Viva Florida Focuses on the First Coast in 2014/15
Around the State
On Friday, the Florida Department of State announced Viva Florida will continue highlighting the Sunshine State’s history through 2015 with a focus on the First Coast in the next two years.
“Viva Florida 500 was the centerpiece in a series of important historical and cultural anniversaries in our state,” said Florida Secretary of State Ken Detzner on Friday. “From Pensacola’s 450th anniversary in 2009 through to St. Augustine’s 450th anniversary in 2015, Viva Florida is an excellent way to promote Florida’s diverse cultural heritage and rich history.”

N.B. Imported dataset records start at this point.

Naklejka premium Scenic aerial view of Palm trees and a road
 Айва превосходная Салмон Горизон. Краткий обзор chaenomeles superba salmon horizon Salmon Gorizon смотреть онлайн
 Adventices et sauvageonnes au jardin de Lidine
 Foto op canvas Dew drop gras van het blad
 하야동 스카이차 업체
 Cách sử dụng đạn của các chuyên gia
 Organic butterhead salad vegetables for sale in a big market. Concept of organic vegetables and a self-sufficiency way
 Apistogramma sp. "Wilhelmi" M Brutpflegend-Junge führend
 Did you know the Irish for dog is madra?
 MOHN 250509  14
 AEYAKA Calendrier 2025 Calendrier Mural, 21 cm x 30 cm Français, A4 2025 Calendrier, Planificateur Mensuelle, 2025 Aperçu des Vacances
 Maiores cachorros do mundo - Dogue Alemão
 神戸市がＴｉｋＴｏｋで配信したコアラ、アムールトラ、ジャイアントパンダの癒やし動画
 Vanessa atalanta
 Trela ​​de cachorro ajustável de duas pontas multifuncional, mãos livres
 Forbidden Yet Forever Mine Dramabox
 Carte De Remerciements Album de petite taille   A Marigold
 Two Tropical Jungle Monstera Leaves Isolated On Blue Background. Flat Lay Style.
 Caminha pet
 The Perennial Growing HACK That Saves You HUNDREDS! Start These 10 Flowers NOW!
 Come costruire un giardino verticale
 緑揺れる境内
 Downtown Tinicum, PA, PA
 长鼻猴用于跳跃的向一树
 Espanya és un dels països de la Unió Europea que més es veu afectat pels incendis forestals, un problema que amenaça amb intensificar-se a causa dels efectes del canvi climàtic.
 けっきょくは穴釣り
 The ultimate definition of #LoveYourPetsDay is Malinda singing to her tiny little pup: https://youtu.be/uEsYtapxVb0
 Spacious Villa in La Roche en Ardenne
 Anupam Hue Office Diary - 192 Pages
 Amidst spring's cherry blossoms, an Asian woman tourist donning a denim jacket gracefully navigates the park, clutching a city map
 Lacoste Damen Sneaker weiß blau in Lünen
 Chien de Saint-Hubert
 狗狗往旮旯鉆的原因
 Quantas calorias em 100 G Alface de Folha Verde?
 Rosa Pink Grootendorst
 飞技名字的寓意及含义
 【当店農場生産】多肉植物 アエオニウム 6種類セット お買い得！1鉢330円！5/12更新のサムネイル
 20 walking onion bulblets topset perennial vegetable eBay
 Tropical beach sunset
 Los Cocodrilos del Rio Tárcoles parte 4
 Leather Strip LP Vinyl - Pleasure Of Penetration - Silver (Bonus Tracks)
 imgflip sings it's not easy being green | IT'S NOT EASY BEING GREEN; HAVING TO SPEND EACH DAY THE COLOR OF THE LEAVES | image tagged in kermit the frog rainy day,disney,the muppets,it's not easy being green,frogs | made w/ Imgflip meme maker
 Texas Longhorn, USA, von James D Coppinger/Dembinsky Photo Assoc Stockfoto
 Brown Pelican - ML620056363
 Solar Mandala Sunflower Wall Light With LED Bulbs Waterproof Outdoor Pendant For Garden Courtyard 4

While Viva Florida showcased the 500th anniversary of Ponce de Leon’s discovery of Florida last year, 2014 will focus on a more contemporary topic as the nation celebrates the 50th anniversary of the Civil Rights Act. Detzner’s team cited a study showing cultural and historical tourism led to $2.55 billion added to Florida’s economy from August 2012 to August of last year.
Viva Florida will turn its focus to the First Coast this year and next to mark the 450th anniversary of the establishment of the French colony of Fort Caroline. In 2015, Viva Florida will showcase the 450th anniversary of the establishment of St. Augustine.
Backed by the French crown and Huguenot leaders, René Goulaine de Laudonnière led a French expedition to Florida, landing at the St. Johns River in June 1564. Despite some hardships and poor decisions, the colony survived until the next September when French reinforcements under Jean Ribault arrived.
As Ribault replaced Laudonnière in command, Spanish forces under Pedro Menendez de Aviles founded St. Augustine just to the south of the French colony. Ribault launched an attack on St. Augustine, only to have his fleet destroyed by a sudden hurricane. Menendez led the Spanish to Fort Caroline and ran the French off. A few weeks later, Menendez found the shipwrecked Frenchmen and slaughtered most of them -- including his gubernatorial rival Ribault.
While St. Augustine went on to survive as the longest established city in the United States and thrive as a tourist attraction, Fort Caroline was lost to history until longtime U.S. Rep. Charles Bennett, D-Fla., led the fight to have a national memorial honoring the French colony. Besides being in politics, Bennett was a historian, writing books on the First Coast’s history including works on Laudonnière and Fort Caroline. A replica of Fort Caroline now stands on the southern bank of the St. Johns as part of the Timucuan Ecological and Historic Preserve in Jacksonville.